## Requirement
Restate the data word for word and leave the images out.

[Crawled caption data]

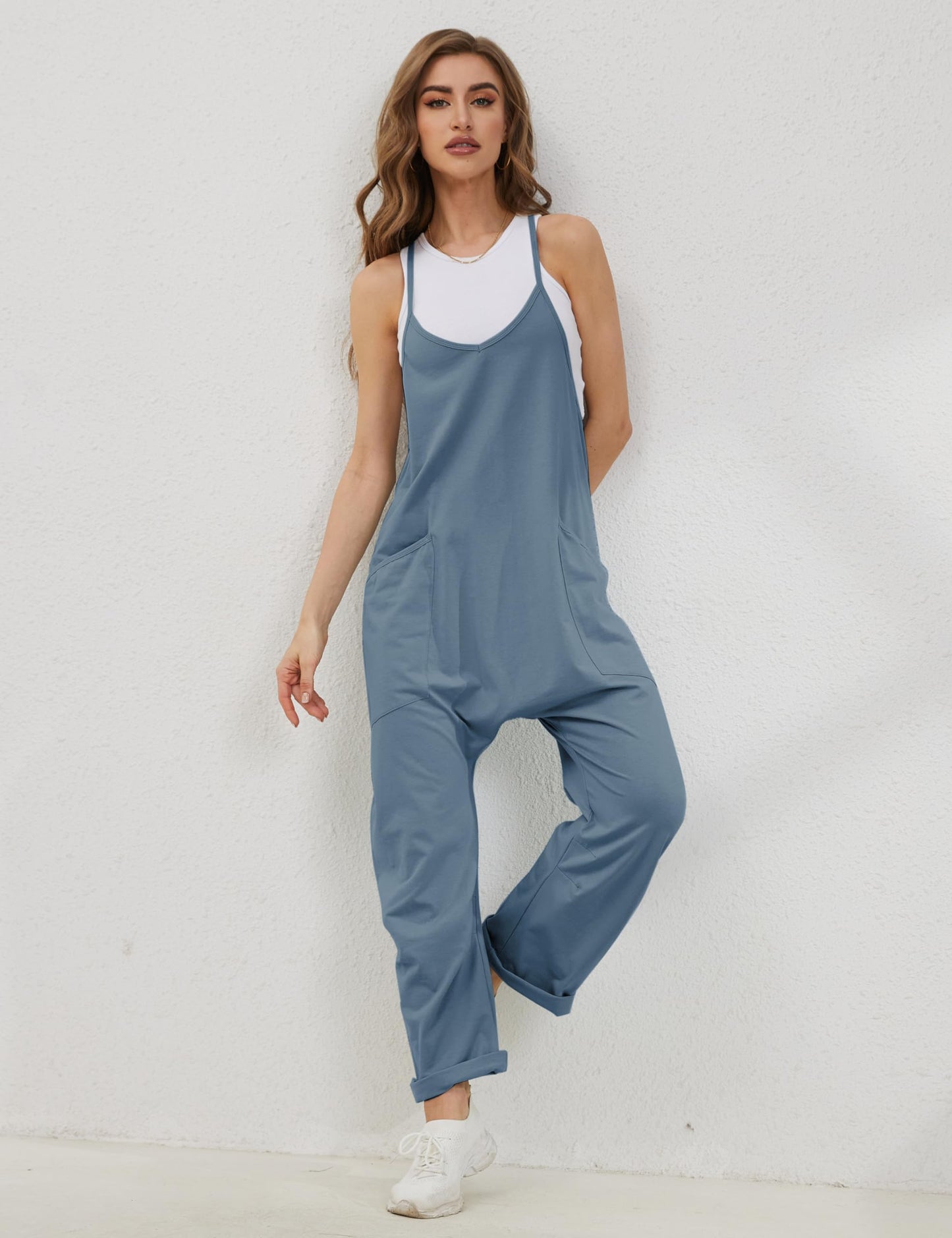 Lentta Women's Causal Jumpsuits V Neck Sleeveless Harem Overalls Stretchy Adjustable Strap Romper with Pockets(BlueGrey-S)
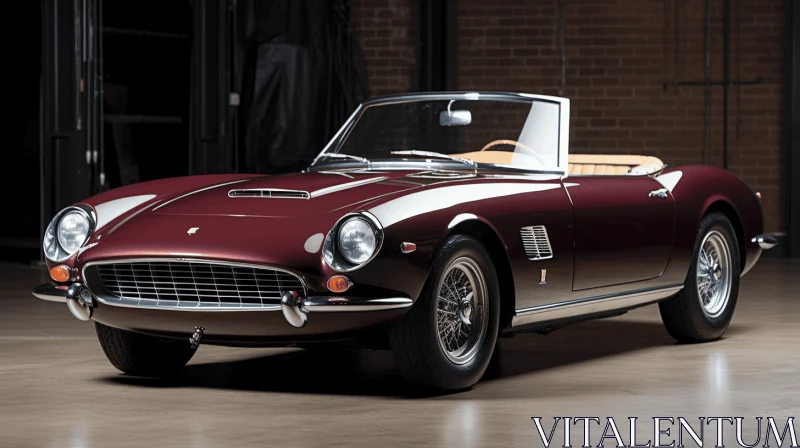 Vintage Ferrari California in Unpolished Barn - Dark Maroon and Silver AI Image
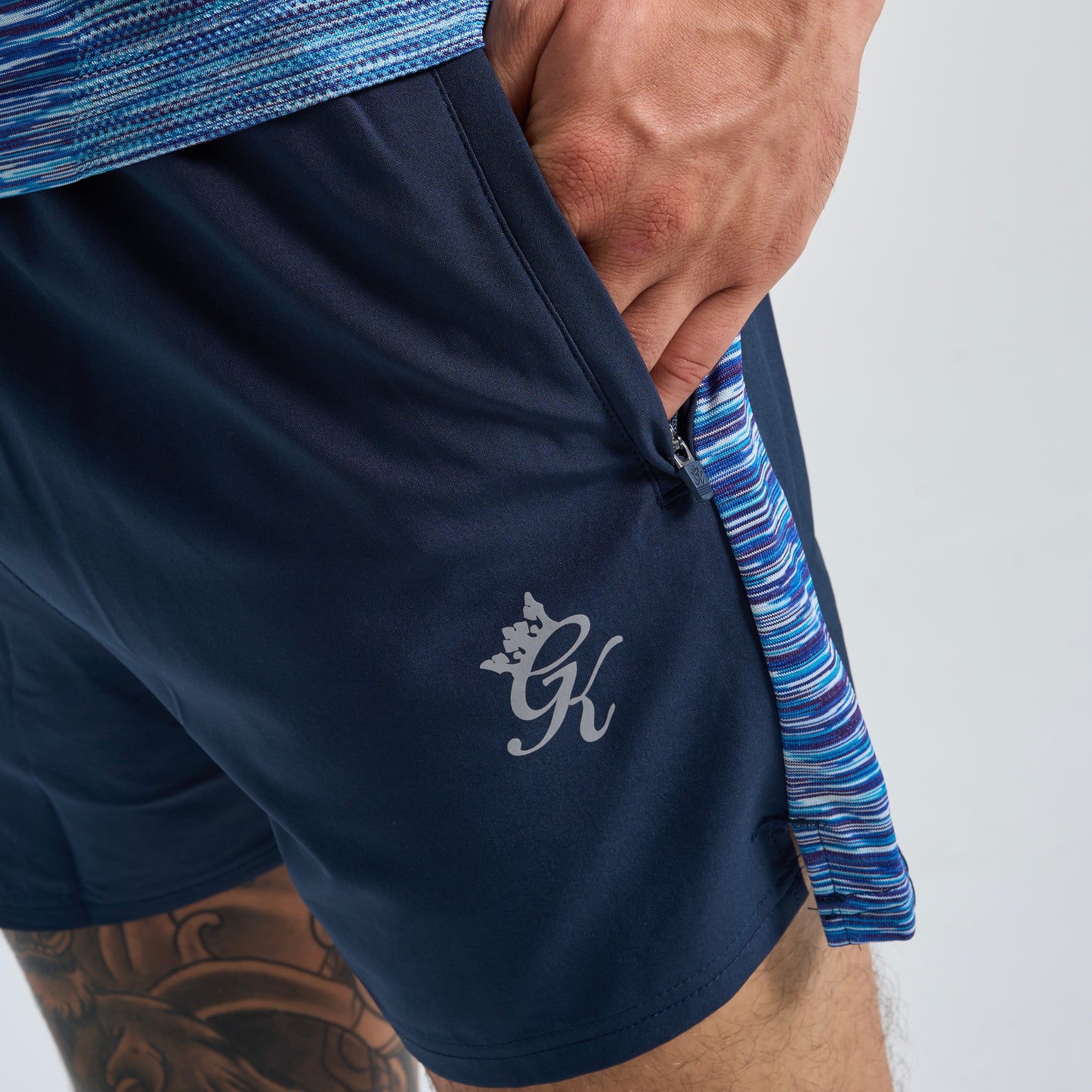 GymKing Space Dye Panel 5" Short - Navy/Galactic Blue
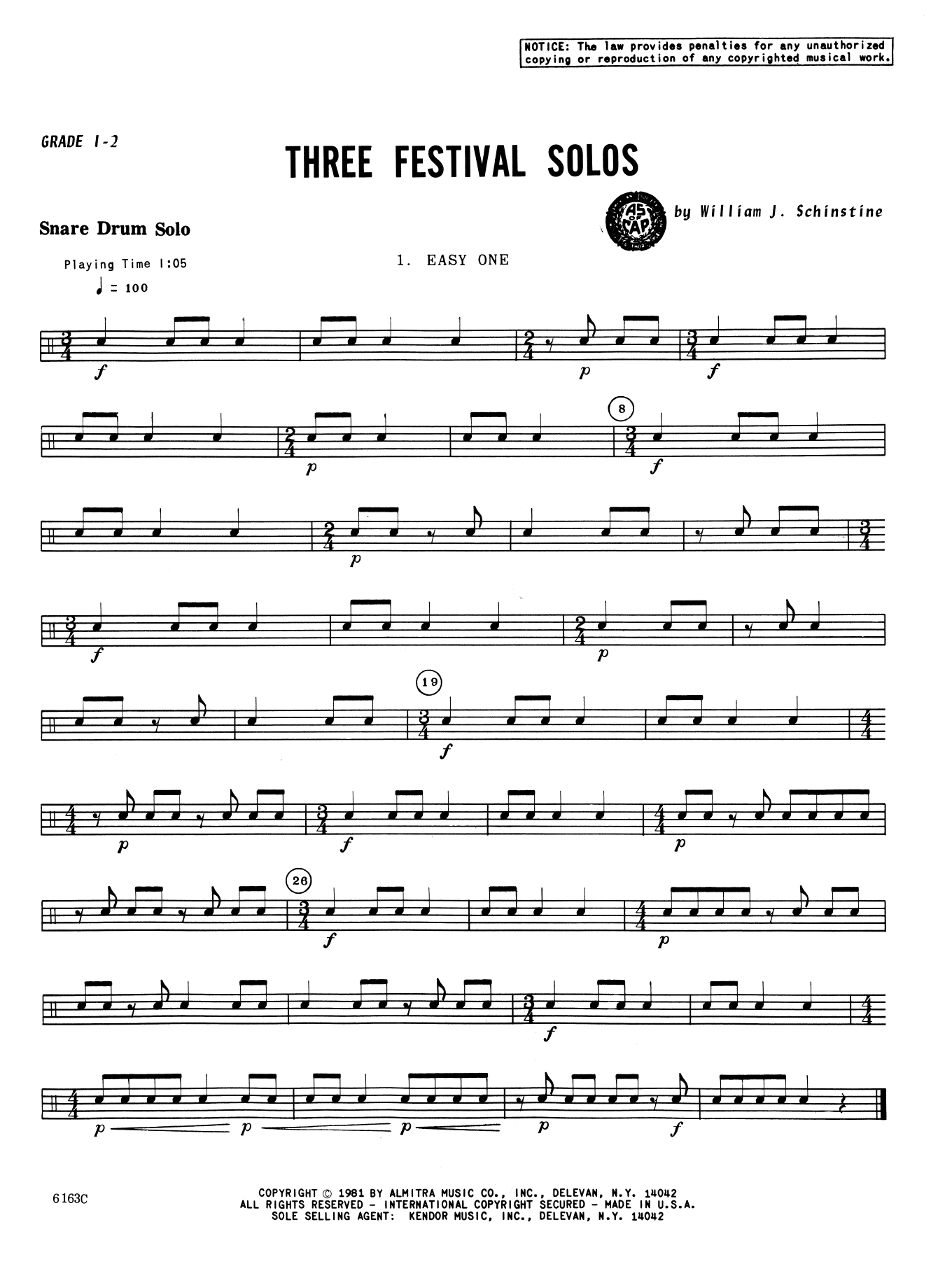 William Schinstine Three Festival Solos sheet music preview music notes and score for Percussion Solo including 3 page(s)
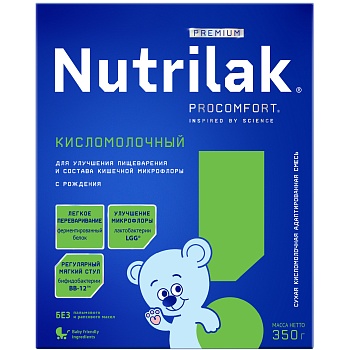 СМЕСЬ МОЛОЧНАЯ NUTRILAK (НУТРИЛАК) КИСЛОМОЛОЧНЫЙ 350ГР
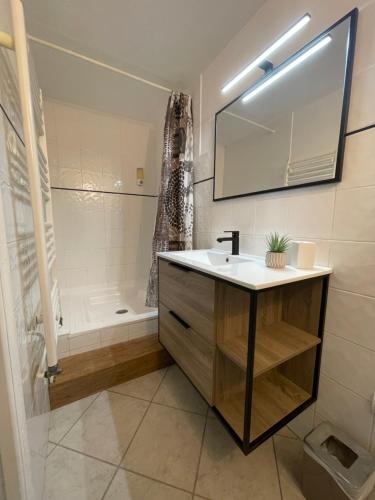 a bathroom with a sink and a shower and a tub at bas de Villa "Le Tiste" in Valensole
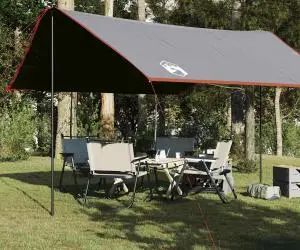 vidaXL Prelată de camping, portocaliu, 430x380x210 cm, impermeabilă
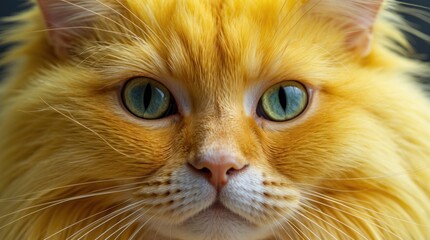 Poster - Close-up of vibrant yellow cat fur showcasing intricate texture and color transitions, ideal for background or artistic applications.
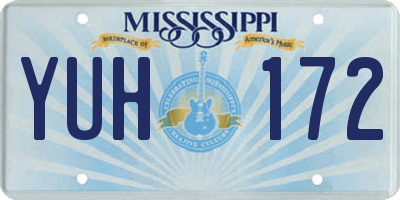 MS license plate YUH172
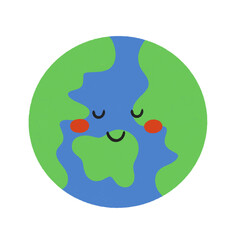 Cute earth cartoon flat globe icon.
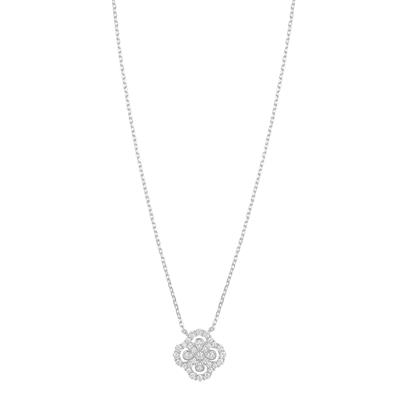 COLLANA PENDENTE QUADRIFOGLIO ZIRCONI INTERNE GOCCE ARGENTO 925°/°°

## Result
 Lentta Women's Causal Jumpsuits V Neck Sleeveless Harem Overalls Stretchy Adjustable Strap Romper with Pockets(BlueGrey-S)
 Vintage Ferrari California in Unpolished Barn - Dark Maroon and Silver AI Image
 GymKing Space Dye Panel 5" Short - Navy/Galactic Blue
 William Schinstine Three Festival Solos sheet music preview music notes and score for Percussion Solo including 3 page(s)
 СМЕСЬ МОЛОЧНАЯ NUTRILAK (НУТРИЛАК) КИСЛОМОЛОЧНЫЙ 350ГР
 a bathroom with a sink and a shower and a tub at bas de Villa "Le Tiste" in Valensole
 vidaXL Prelată de camping, portocaliu, 430x380x210 cm, impermeabilă
 Poster - Close-up of vibrant yellow cat fur showcasing intricate texture and color transitions, ideal for background or artistic applications.
 MS license plate YUH172
 Cute earth cartoon flat globe icon.
 COLLANA PENDENTE QUADRIFOGLIO ZIRCONI INTERNE GOCCE ARGENTO 925°/°°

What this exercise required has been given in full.